This year, the art world went on a high fiber diet. Abstract weavings, knotted sculptures, expressive basketry, shaggy wall hangings: all are coming out of artist’s studios and museum storerooms, lending much-needed warmth and complexity to exhibition spaces. The moment has been a long time coming. Textile, of course, is among the most ancient of human endeavors; tapestry once outranked painting in the hierarchy of the arts. But modern fiber art has rarely gotten much respect. It’s one period of ascendancy came in the late 1960s and early 1970s, when the Lausanne Tapestry Biennale was at its height, and the American counterculture, with its earnestly handcrafted aesthetics, was in full bloom. That was only a brief episode, though. A genre rooted in ancient techniques, adjacent to amateur pursuits, and—above all—mainly practiced by women and people of color? That was never going to command elite institutional attention for long.
Art history has a way of correcting its mistakes, though, and those aspects of fiber art that once marginalized the medium now make it feel relevant.
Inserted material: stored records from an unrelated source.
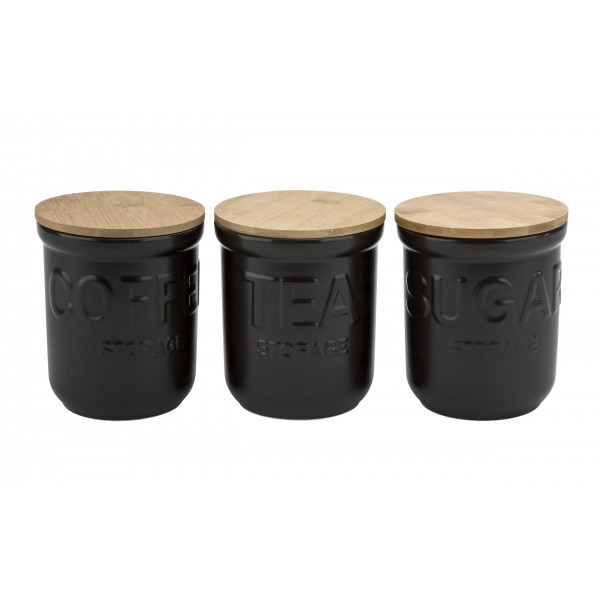 Kpl. 3 pojemników czarny mat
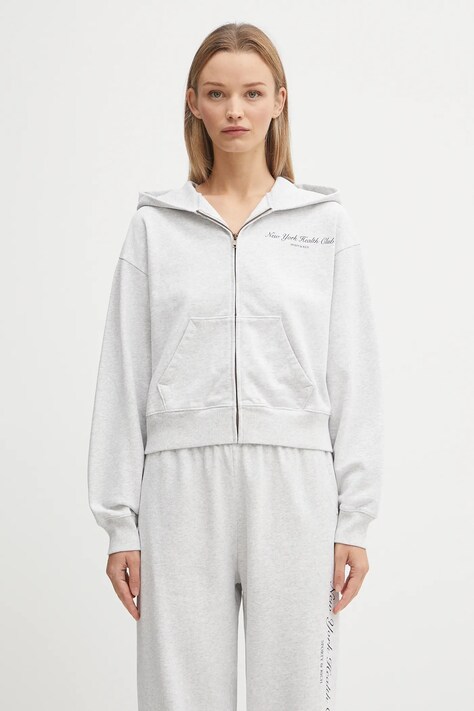 Sporty & Rich bluza bawełniana Ny Health Club Cropped Zip damska kolor szary z kapturem z nadrukiem ST068602043GY03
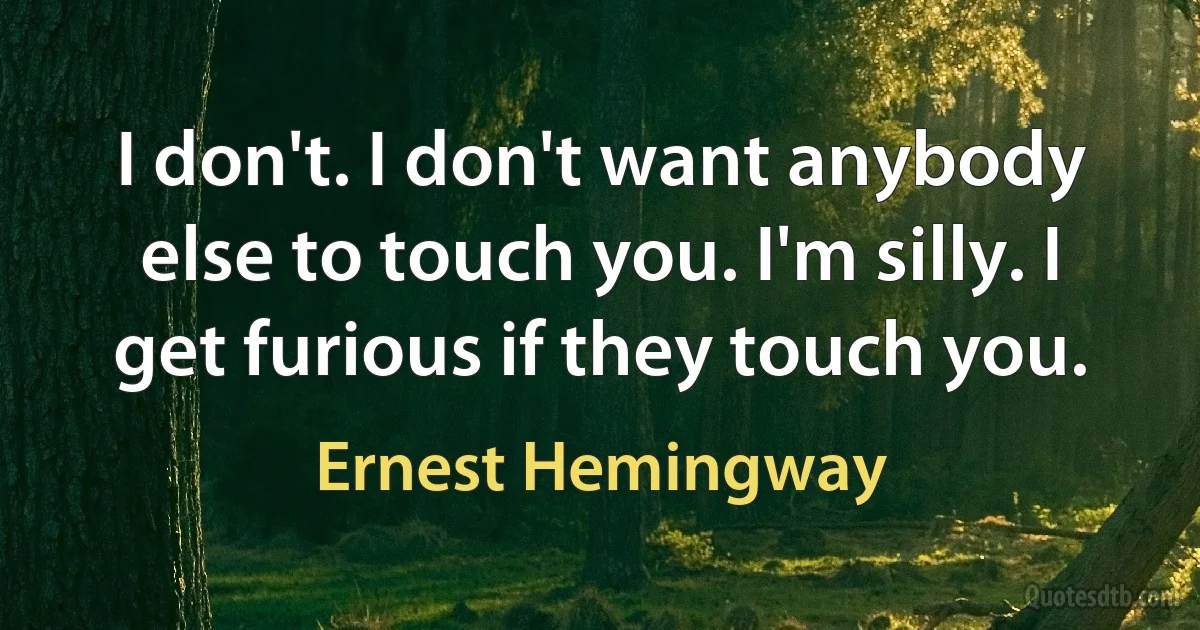 I don't. I don't want anybody else to touch you. I'm silly. I get furious if they touch you. (Ernest Hemingway)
Just like ceramics, which has enjoyed a parallel rise to prominence, textiles offer much of what the art world wants right now: under-explored histories, personal narrative, material intelligence, and demographic diversity.
The revival has taken ten years to gather strength. Arguably, it was initiated by curator Janelle Porter’s pioneering exhibition “Fiber Sculpture 1960-Present,” held at the ICA Boston in 2014. Since then, curator Ann Coxon has mounted well-received retrospectives of Anni Albers and Magdalena Abakanowicz at Tate Modern, and the discipline’s grande dame, Sheila Hicks, has been the subject of several major shows. (She has one this year, too, in Dusseldorf.)
2024 has been truly unprecedented though, with a thick pile of projects to unpick. Here are ten of the best.
“Lee ShinJa: Weaving the Dawn” at Tina Kim Gallery, New York
One of the most impressive aspects of postwar fiber art was its international breadth. As if emulating their own working procedures, weavers criss-crossed the world, exhibiting together and learning from one another’s work.
Lee ShinJa is a perfect example. She first began making textile art during the difficult years of the Korean War, applying techniques she’d learned from her grandmother to burlap sacks and used sweaters. By the early 1960s she was making expressionist wall hangings, alternating passages of openwork with coursing rivulets of wrapped thread (one conservative critic accused her of “ruining traditional Korean embroidery”).
A key turning point came when ShinJa visited the 1970 World Expo in Osaka, where international fiber artists were featured at a Textiles Pavilion; she also showed at the 1983 Lausanne Biennial. “Weaving the Dawn,” at Tina Kim Gallery, was the artist’s first solo gallery exhibition in New York, at the age of 94. The show traversed her career, from early experimental pieces to her 1990s series “Spirit of the Mountain,” banded in the radiant colors of a sunrise.